- **Exercise requirements**
Type out the listing below exactly. Pictures stay out of it.

- **Given information**
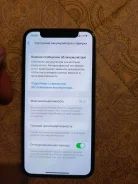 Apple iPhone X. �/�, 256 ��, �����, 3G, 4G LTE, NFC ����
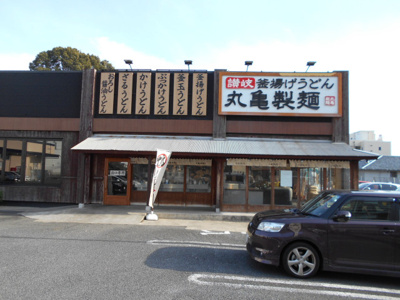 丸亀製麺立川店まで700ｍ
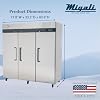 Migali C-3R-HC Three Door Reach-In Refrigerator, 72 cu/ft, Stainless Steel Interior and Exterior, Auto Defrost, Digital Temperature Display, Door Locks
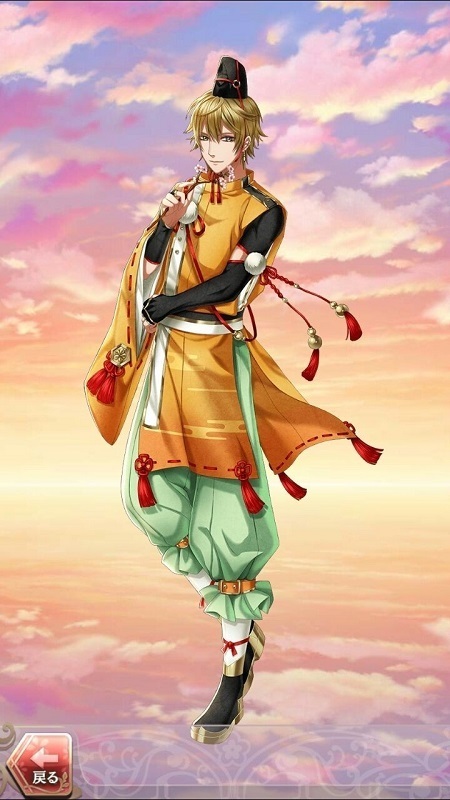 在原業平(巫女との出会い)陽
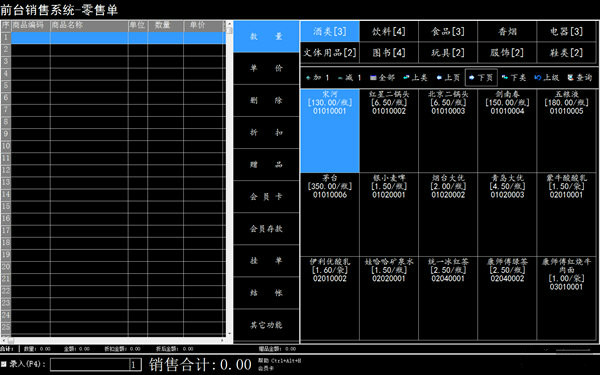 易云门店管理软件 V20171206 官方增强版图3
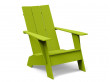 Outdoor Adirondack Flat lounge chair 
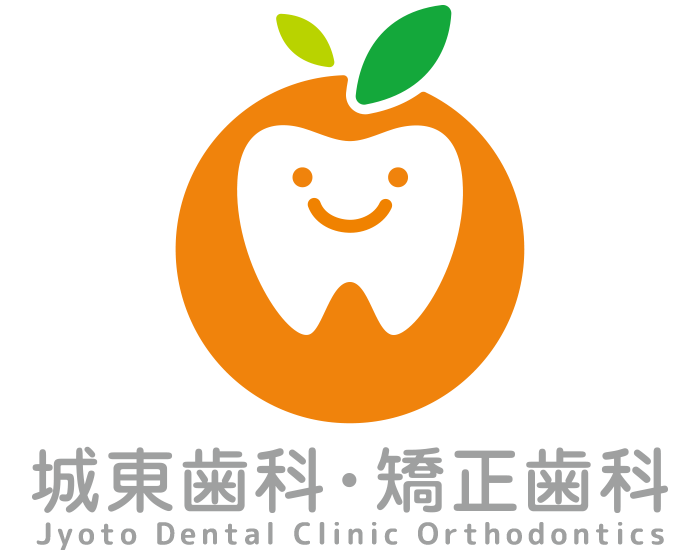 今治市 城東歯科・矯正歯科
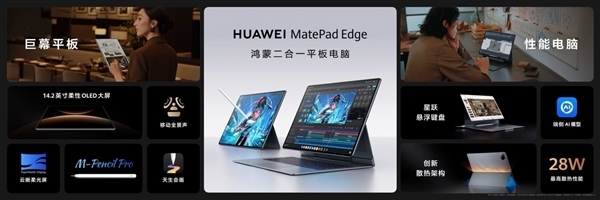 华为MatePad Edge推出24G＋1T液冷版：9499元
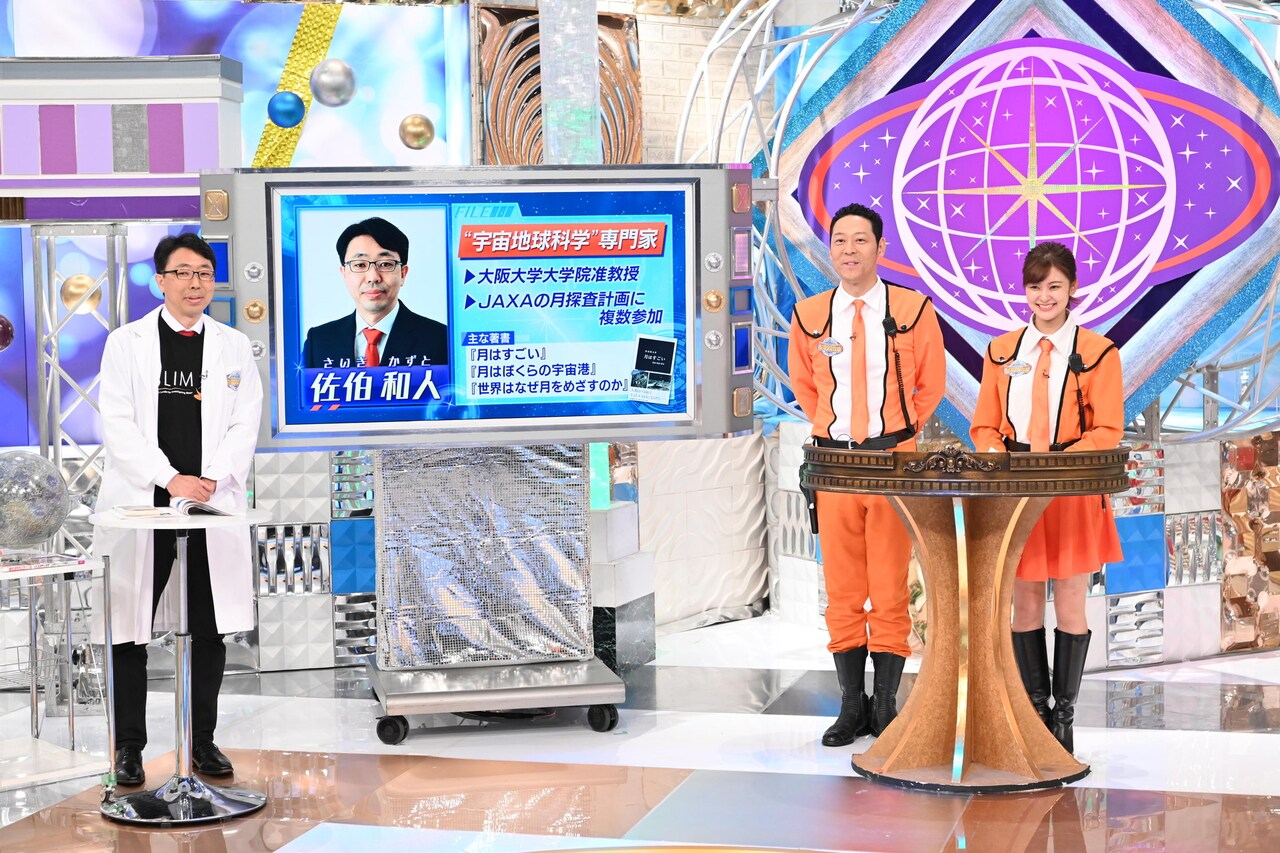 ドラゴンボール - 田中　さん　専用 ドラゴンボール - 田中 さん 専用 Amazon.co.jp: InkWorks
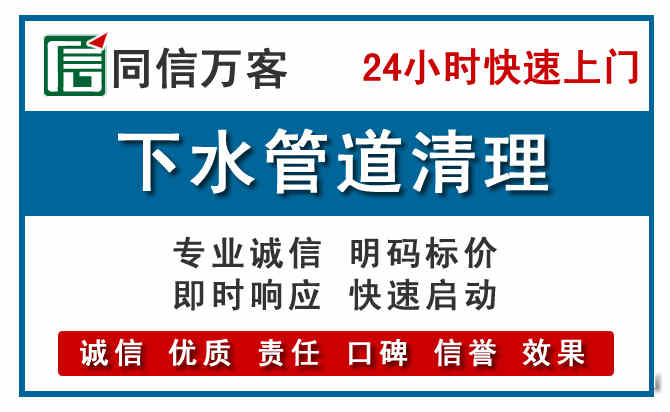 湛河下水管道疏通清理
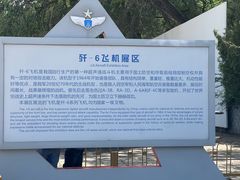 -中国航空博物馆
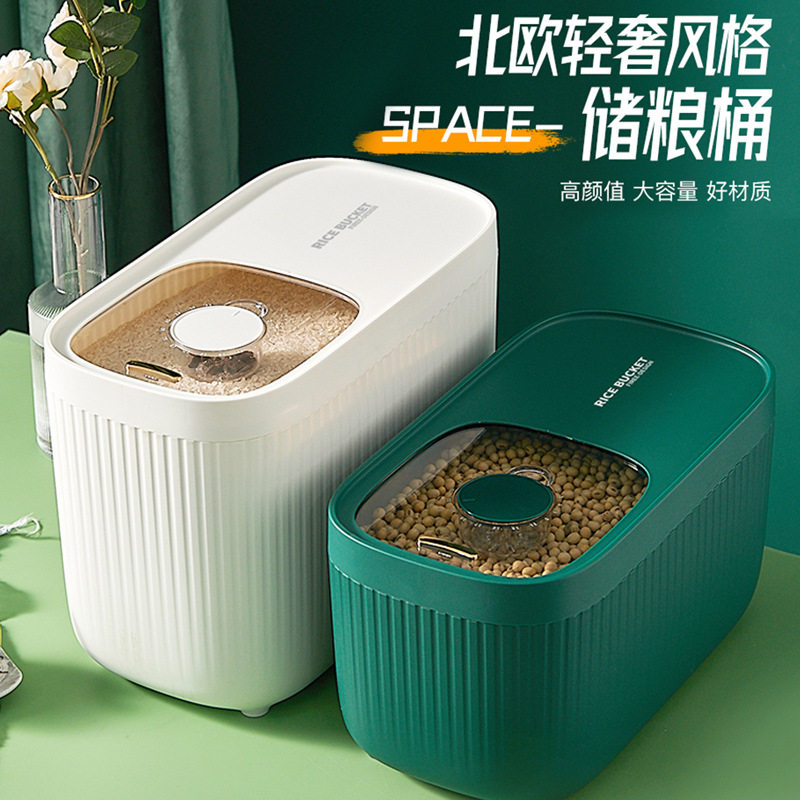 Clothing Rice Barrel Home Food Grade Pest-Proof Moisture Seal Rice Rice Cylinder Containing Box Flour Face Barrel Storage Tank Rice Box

- **Exercise output**
 Apple iPhone X. �/�, 256 ��, �����, 3G, 4G LTE, NFC ����
 丸亀製麺立川店まで700ｍ
 Migali C-3R-HC Three Door Reach-In Refrigerator, 72 cu/ft, Stainless Steel Interior and Exterior, Auto Defrost, Digital Temperature Display, Door Locks
 在原業平(巫女との出会い)陽
 易云门店管理软件 V20171206 官方增强版图3
 Outdoor Adirondack Flat lounge chair 
 今治市 城東歯科・矯正歯科
 华为MatePad Edge推出24G＋1T液冷版：9499元
 ドラゴンボール - 田中　さん　専用 ドラゴンボール - 田中 さん 専用 Amazon.co.jp: InkWorks
 湛河下水管道疏通清理
 -中国航空博物馆
 Clothing Rice Barrel Home Food Grade Pest-Proof Moisture Seal Rice Rice Cylinder Containing Box Flour Face Barrel Storage Tank Rice Box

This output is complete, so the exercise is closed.